Task instructions ::
Copy each line, word for word, from the one with "nguyen-ly-thiet-ke-noi-that-04-decox-design" through the final line of the listing, but skip the pictures.

+ + + + + + +

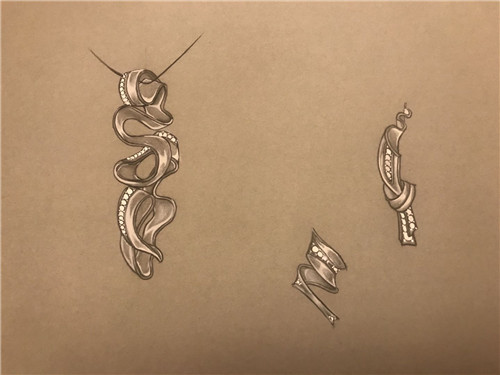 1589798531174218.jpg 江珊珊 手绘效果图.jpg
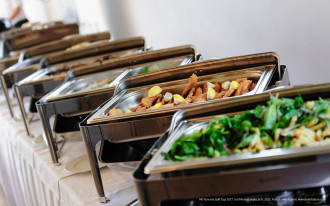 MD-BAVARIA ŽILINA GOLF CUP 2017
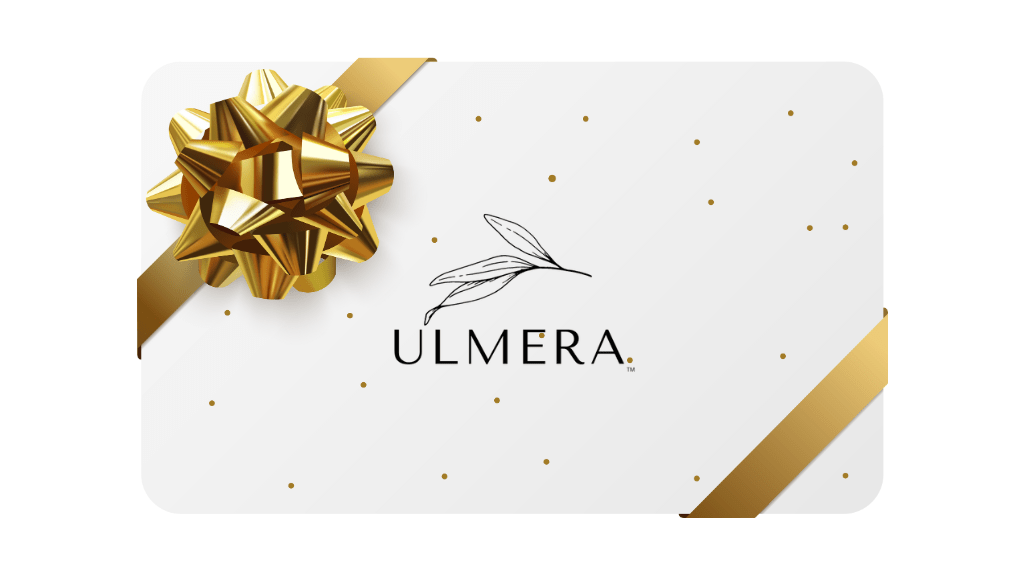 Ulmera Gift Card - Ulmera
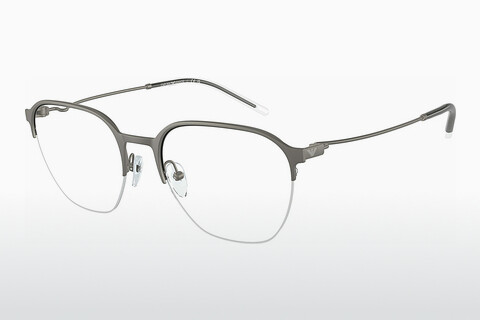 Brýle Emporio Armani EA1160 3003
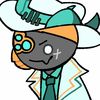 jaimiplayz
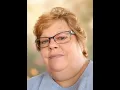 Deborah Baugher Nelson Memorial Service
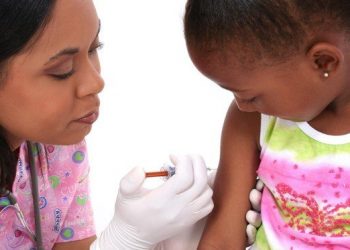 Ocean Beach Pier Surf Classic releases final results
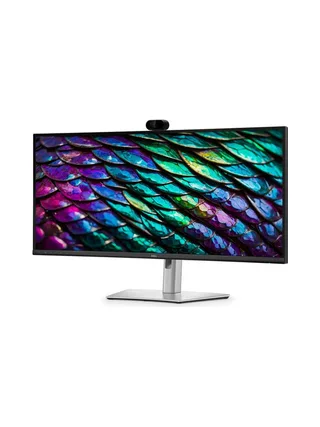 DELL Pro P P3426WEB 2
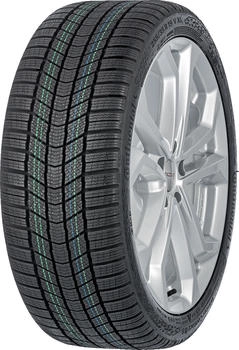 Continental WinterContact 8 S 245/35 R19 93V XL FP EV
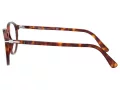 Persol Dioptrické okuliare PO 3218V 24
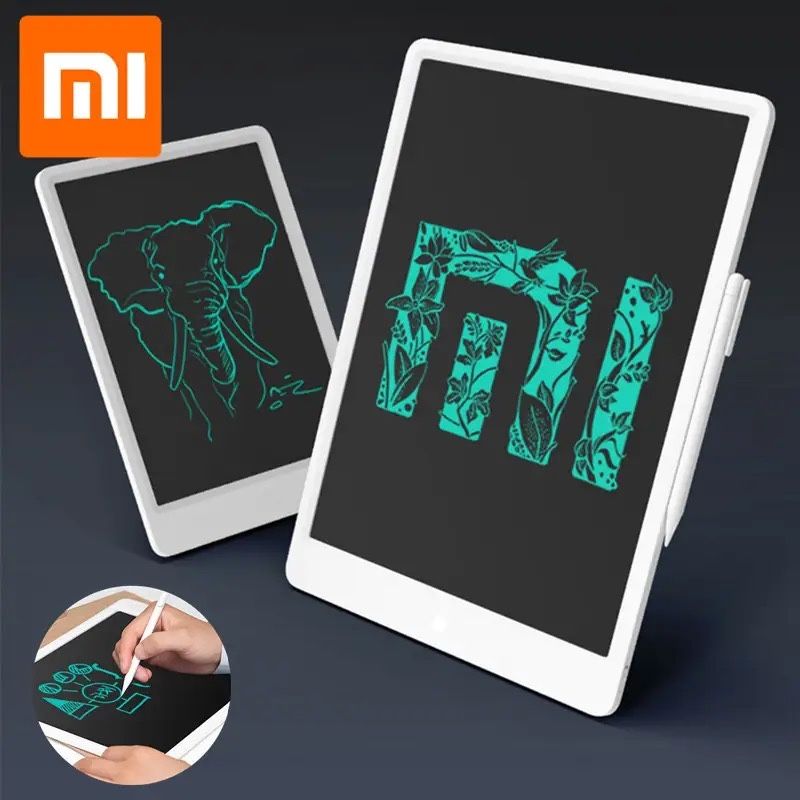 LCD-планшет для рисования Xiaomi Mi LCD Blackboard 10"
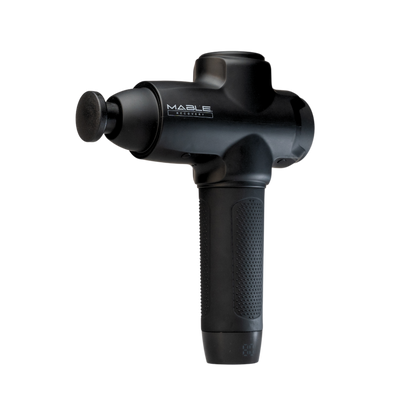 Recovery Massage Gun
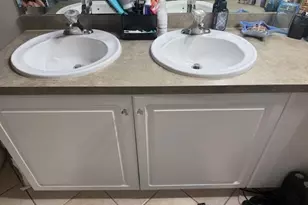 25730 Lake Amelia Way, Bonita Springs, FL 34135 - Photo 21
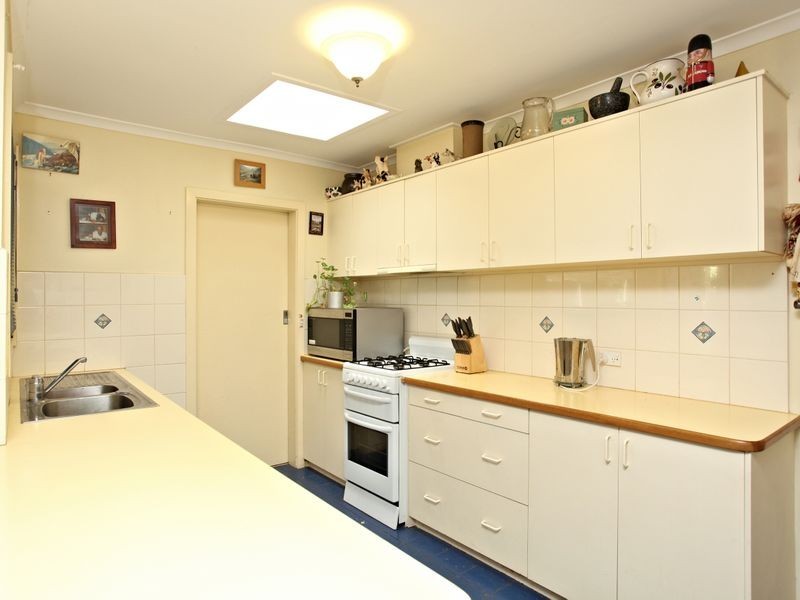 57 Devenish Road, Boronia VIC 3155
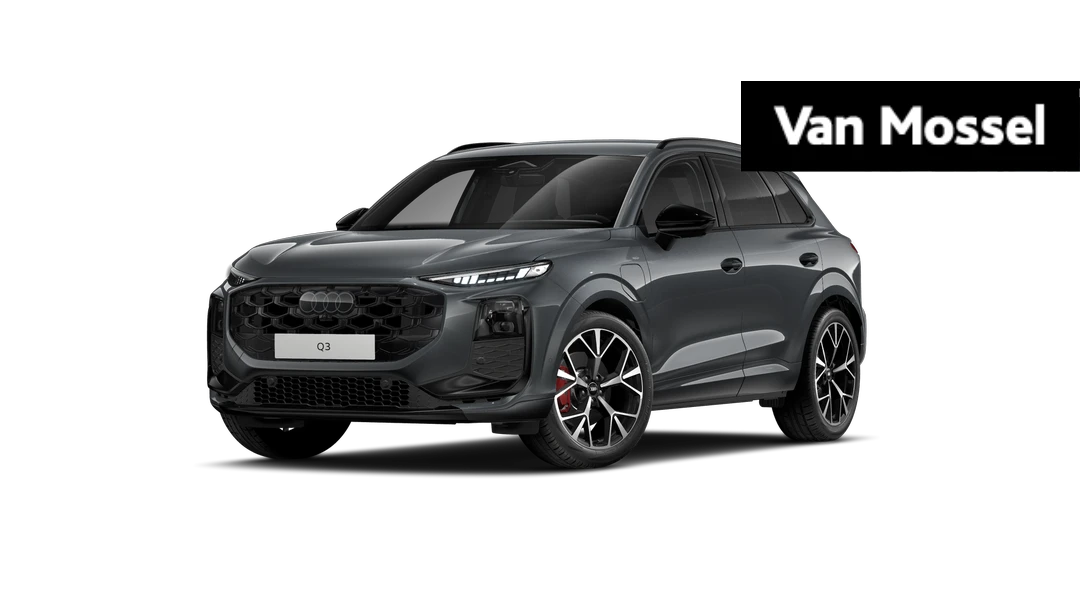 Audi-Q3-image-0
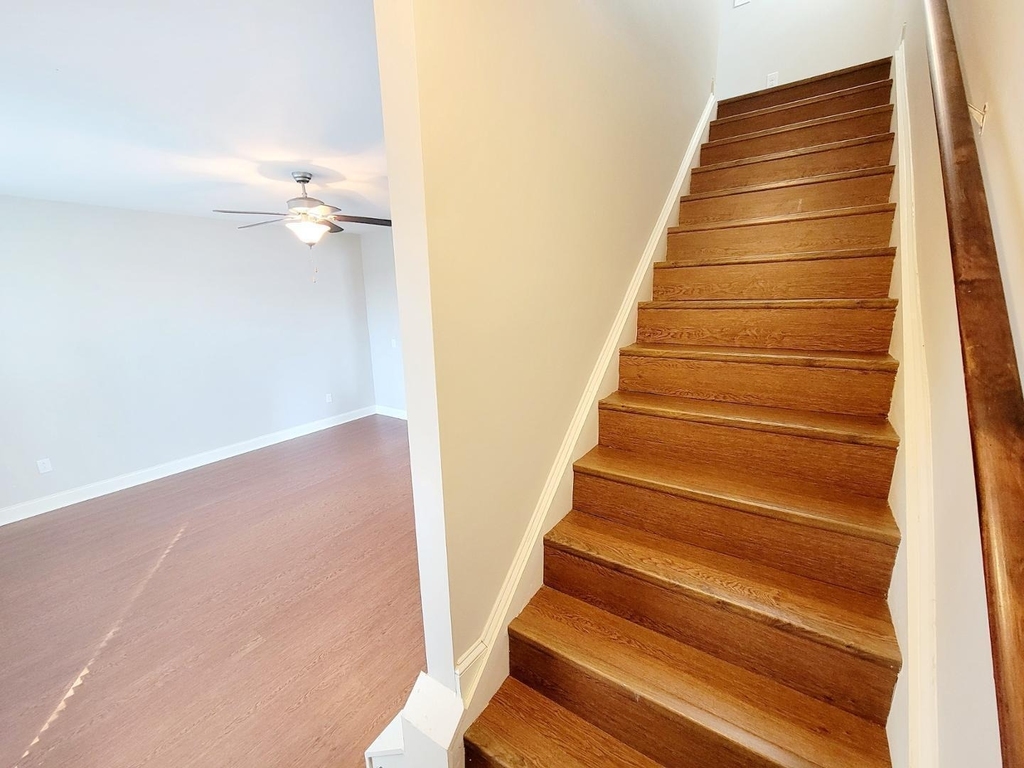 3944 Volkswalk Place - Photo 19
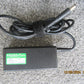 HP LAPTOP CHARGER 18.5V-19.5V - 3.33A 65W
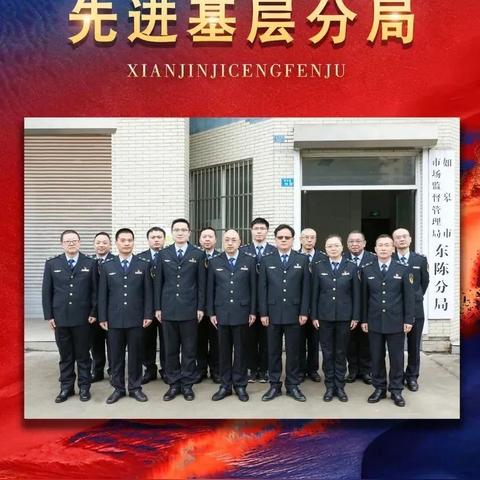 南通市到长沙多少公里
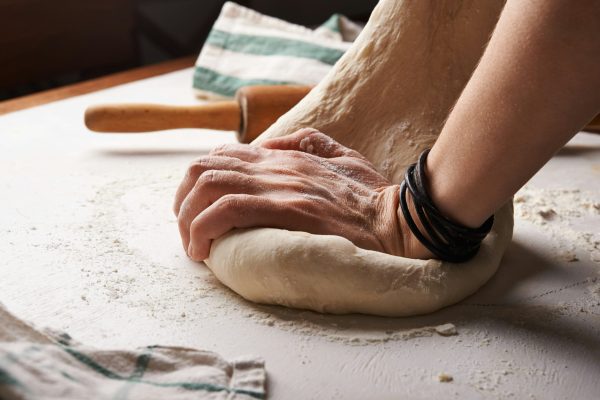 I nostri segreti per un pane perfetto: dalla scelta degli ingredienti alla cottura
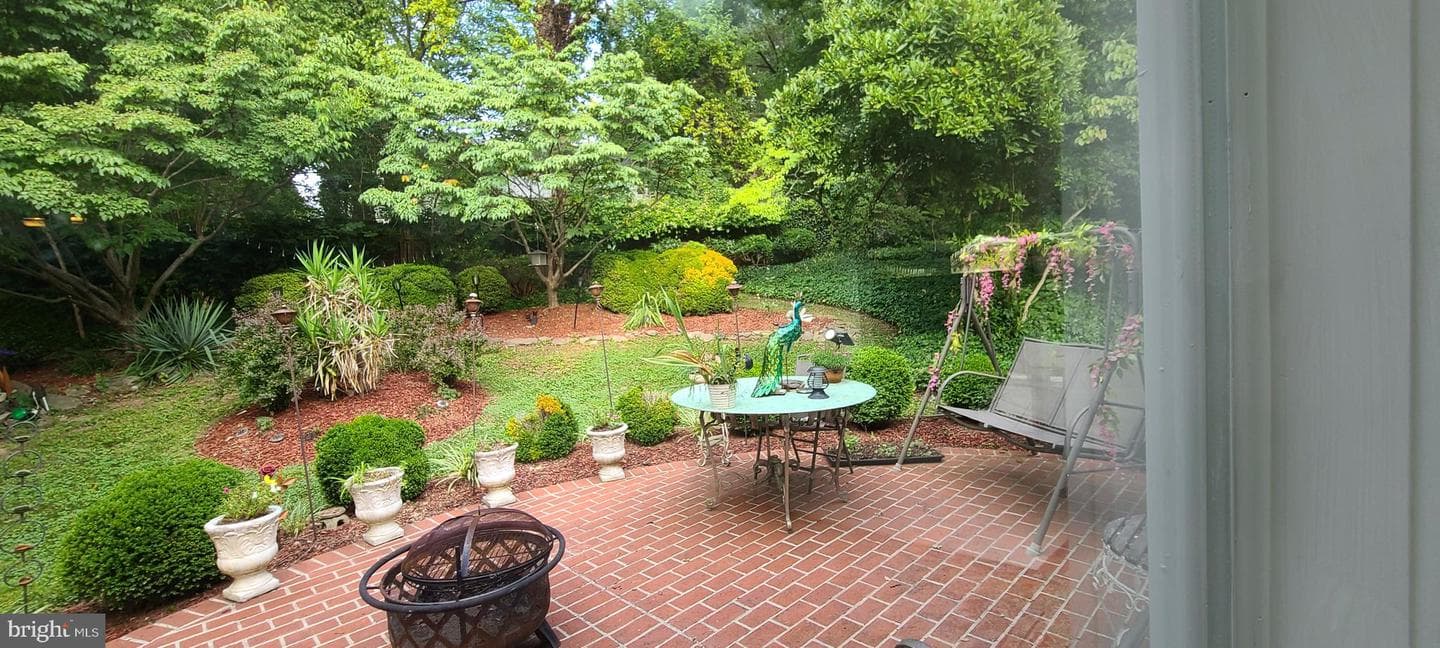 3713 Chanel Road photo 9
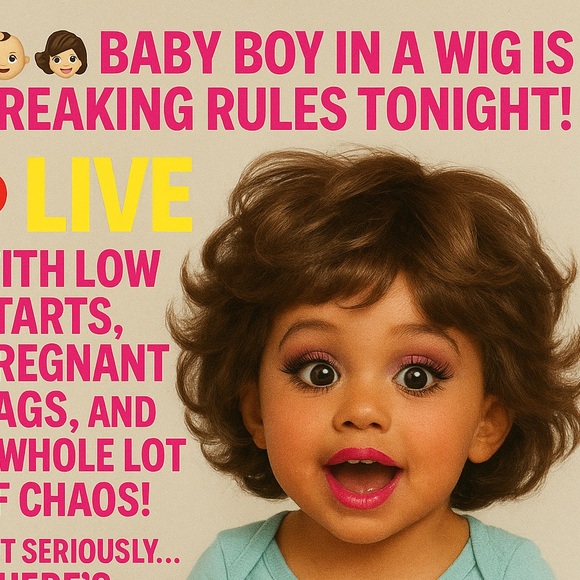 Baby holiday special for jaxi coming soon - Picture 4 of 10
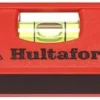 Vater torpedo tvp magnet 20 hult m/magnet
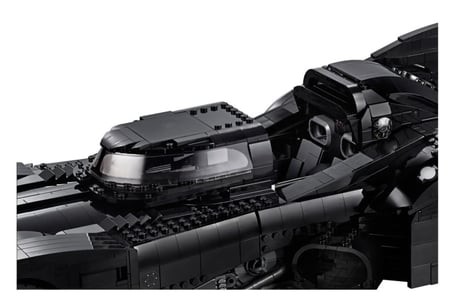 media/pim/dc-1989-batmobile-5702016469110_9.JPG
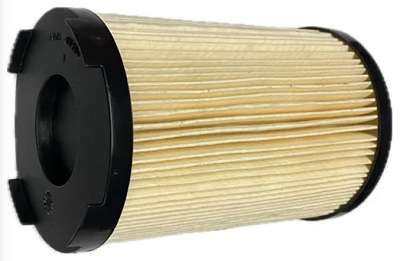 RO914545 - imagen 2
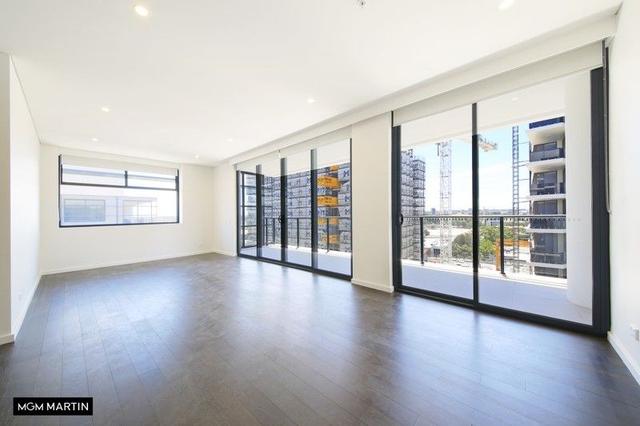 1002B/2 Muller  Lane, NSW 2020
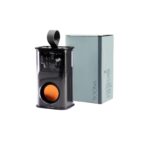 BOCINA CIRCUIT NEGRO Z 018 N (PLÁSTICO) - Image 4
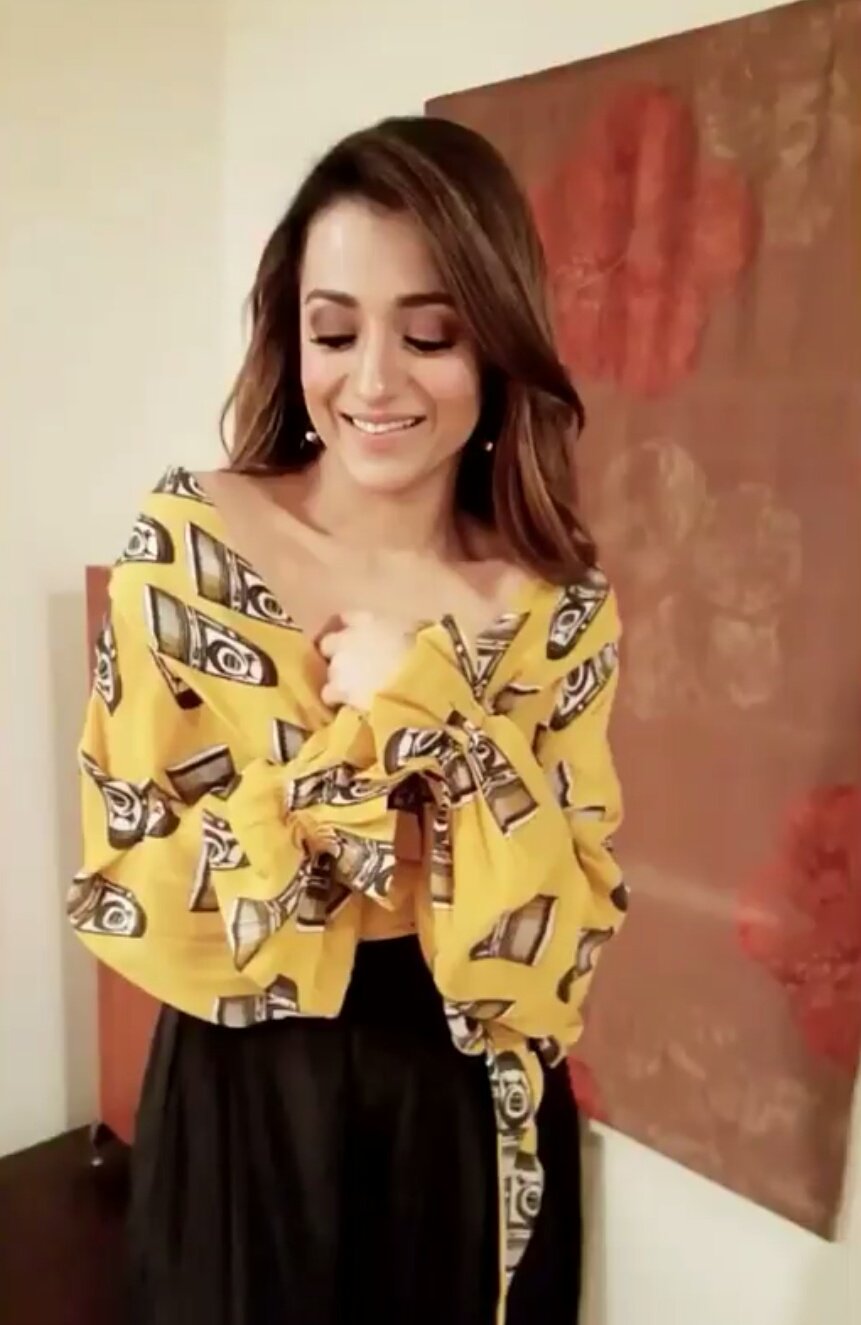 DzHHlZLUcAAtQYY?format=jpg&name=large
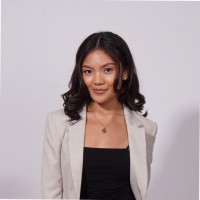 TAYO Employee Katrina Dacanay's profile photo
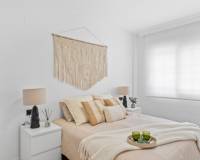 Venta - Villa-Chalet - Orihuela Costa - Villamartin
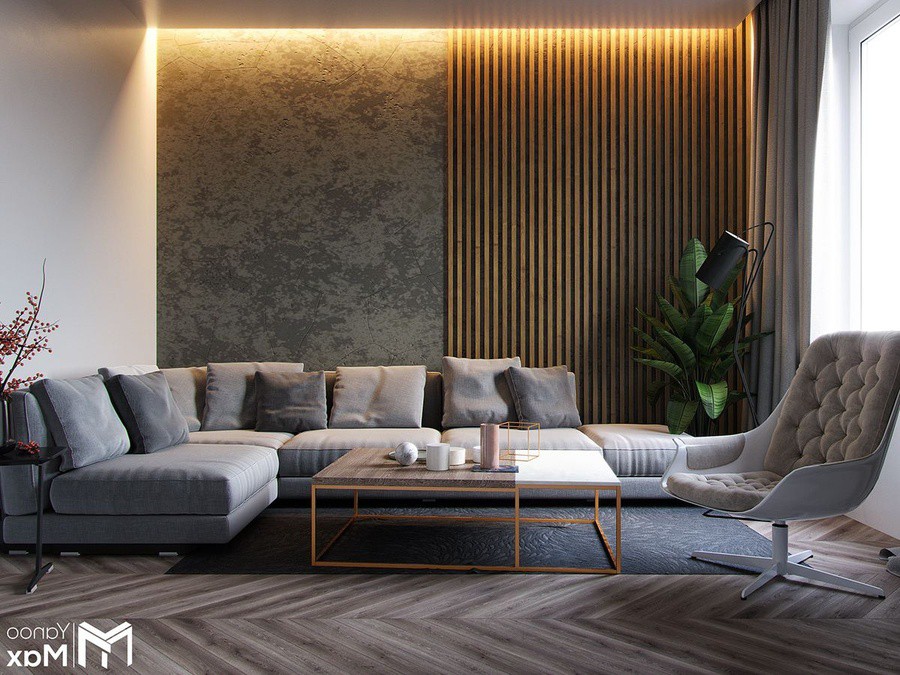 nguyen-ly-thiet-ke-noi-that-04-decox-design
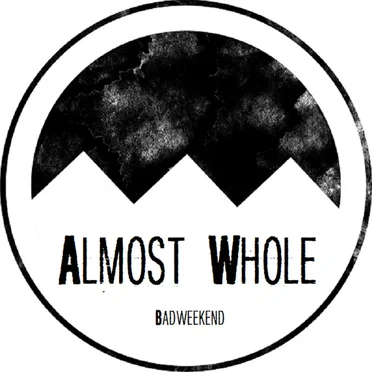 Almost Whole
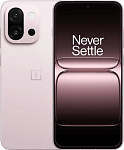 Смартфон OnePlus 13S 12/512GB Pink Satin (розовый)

+ + + + + + +

Problem solution ::
 nguyen-ly-thiet-ke-noi-that-04-decox-design
 Almost Whole
 Смартфон OnePlus 13S 12/512GB Pink Satin (розовый)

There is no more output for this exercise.